Material supplied:

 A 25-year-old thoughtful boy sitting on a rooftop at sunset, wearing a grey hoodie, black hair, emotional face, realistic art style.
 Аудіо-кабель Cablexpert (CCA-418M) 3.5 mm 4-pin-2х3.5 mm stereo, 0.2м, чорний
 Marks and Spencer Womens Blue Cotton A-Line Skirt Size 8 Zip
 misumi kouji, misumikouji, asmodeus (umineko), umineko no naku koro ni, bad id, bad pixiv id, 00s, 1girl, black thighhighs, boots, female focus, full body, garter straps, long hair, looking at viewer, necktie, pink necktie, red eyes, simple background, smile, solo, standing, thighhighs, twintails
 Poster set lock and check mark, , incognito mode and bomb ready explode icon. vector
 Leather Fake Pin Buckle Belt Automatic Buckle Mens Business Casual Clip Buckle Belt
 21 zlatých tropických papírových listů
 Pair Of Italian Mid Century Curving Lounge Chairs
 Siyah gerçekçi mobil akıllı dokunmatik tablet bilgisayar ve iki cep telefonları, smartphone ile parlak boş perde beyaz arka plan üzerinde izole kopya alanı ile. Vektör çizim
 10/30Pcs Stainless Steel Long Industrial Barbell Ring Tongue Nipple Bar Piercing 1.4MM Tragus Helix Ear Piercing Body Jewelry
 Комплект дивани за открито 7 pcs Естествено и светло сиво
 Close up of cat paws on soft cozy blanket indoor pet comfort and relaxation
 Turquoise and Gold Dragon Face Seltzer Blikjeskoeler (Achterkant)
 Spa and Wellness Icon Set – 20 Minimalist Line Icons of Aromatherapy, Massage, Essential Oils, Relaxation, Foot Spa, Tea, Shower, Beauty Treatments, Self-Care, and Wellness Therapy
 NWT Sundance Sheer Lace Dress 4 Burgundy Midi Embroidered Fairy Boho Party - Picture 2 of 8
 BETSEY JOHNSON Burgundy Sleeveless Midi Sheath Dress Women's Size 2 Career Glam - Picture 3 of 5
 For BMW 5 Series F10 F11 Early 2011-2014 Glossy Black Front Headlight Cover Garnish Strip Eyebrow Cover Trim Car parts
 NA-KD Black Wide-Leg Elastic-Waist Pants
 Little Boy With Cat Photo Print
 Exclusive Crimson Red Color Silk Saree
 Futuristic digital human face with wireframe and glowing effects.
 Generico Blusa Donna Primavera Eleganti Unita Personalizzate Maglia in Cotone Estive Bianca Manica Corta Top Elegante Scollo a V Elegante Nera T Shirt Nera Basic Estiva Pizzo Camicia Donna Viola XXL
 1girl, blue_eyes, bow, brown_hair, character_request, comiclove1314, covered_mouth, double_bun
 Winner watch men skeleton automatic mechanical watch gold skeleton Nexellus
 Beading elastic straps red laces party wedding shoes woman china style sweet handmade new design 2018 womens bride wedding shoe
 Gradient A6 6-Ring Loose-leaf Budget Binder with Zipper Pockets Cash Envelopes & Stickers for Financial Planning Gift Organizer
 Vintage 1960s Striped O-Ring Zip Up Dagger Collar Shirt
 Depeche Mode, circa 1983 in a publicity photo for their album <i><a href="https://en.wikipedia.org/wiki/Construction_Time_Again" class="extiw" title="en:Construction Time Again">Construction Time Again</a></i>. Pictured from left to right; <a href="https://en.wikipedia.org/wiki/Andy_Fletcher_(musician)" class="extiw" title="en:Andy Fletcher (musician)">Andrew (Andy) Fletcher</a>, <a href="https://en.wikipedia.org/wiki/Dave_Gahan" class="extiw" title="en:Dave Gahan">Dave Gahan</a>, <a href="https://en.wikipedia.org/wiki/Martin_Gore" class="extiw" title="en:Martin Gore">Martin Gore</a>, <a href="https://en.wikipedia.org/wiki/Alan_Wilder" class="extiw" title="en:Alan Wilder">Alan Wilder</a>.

Description of the task:
With the line holding "Leather Fake Pin" as the first and the line holding "Siyah gerçekçi mobil" as the last, please transcribe exactly the lines of the material above in that range and nothing else.

Expected answer:
 Leather Fake Pin Buckle Belt Automatic Buckle Mens Business Casual Clip Buckle Belt
 21 zlatých tropických papírových listů
 Pair Of Italian Mid Century Curving Lounge Chairs
 Siyah gerçekçi mobil akıllı dokunmatik tablet bilgisayar ve iki cep telefonları, smartphone ile parlak boş perde beyaz arka plan üzerinde izole kopya alanı ile. Vektör çizim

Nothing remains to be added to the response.